腸内細菌等の微生物を利用した新たな医薬品や食品等の研究開発加速

 独立行政法人製品評価技術基盤機構(NITE)は、本年1月13日より提供を開始したバイオテクノロジーセンター(NBRC)の「NBRCヒト常在微生物カクテル」が、ヒトの体に生息する微生物の集団「微生物叢」(ヒトマイクロバイオーム)解析により取得した試験データの妥当性を評価するための「ものさし」となる参照用サンプルとして、高精度、高品質であることを実証した。
 この研究成果は、産業技術総合研究所(産総研)など5つの研究機関との共同研究によるもので、医薬品業界、食品業界等でのヒトマイクロバイオームを活用した研究開発の加速に貢献すると同時に、わが国の産業競争力強化に寄与する。研究論文は、2日に国際学術誌「Microbiology Spectrum」にオンライン掲載された。
 近年、ヒトマイクロバイオーム解析を基にした新たな医薬品や食品等の創出が期待される一方で、解析手法や作業者の違いにより、得られたデータの信頼性や相互比較性が乏しいことが課題となっている。


 NITEでは、この課題を解決するため、ヒトマイクロバイオーム解析の標準的な“方法”として「推奨分析手法」(SOP)を、また解析の手順や結果が妥当かどうかを確認するための“ものさし”として参照用サンプル「NBRCヒト常在微生物カクテル」 を開発してきた。
 今回、産総研、日本マイクロバイオームコンソーシアム(JMBC、九州大学など5つの研究機関との共同研究により、「NBRCヒト常在微生物カクテル」が参照用サンプルとして高精度、高品質であることが実証された。
 具体的には、SOPを用いて「NBRCヒト常在微生物カクテル」の特性値が精密に検証されたほか、5機関がそれぞれの試験所で「NBRCヒト常在微生物カクテル」を用いた試験を実施し、“各機関がSOPを正しく実践できているか”、“他の分析手法がSOPと同程度の精度を示す方法であるか”を判別できることが証明された。

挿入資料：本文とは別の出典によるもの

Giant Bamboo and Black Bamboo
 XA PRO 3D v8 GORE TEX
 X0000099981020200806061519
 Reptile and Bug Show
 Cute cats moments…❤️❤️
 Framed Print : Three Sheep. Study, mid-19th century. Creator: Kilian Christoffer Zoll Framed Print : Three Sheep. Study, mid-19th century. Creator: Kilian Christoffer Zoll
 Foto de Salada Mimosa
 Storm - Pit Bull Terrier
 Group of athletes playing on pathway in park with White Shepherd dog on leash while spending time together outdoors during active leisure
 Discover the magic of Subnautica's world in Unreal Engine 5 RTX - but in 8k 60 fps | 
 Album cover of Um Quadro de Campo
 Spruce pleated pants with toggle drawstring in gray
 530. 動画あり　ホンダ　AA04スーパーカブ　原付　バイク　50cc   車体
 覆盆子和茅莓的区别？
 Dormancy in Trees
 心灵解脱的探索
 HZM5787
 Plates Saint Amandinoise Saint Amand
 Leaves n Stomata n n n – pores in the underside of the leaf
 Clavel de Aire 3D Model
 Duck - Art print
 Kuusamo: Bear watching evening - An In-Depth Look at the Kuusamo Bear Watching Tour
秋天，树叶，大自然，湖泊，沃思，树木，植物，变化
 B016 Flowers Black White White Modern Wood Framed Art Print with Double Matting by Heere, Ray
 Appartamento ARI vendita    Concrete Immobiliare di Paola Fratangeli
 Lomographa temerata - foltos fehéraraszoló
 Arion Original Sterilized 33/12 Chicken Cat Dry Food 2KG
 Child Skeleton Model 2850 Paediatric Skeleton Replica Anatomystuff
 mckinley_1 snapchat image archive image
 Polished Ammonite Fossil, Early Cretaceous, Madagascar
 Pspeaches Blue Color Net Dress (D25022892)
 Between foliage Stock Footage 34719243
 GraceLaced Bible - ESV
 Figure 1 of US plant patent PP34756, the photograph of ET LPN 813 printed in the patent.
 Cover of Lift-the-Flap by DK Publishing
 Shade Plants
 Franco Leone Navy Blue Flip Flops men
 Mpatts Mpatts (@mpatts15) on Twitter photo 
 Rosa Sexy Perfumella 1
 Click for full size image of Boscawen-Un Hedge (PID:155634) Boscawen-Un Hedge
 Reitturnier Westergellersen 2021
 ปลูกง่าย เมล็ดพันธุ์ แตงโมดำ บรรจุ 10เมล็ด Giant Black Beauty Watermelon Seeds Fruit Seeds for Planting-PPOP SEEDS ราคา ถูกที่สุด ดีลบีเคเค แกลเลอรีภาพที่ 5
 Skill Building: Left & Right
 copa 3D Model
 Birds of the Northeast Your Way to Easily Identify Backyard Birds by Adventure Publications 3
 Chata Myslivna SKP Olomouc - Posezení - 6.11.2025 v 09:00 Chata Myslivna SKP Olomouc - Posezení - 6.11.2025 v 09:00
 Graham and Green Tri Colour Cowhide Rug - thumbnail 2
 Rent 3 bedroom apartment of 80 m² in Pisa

 「NBRCヒト常在微生物カクテル」の品質実証により、ヒトマイクロバイオーム解析の信頼性、相互比較性を確保するために必要な“方法”と高品質な“ものさし”が確立された。
 「NBRCヒト常在微生物カクテル」は、日本人のヒトマイクロバイオームを模しており、日本における新たな医薬品開発や食品開発に貢献すると同時に、ヒトマイクロバイオーム解析の基盤技術開発から標準化、実用化に至る一連の研究を加速し、わが国の産業競争力のさらなる強化に寄与する。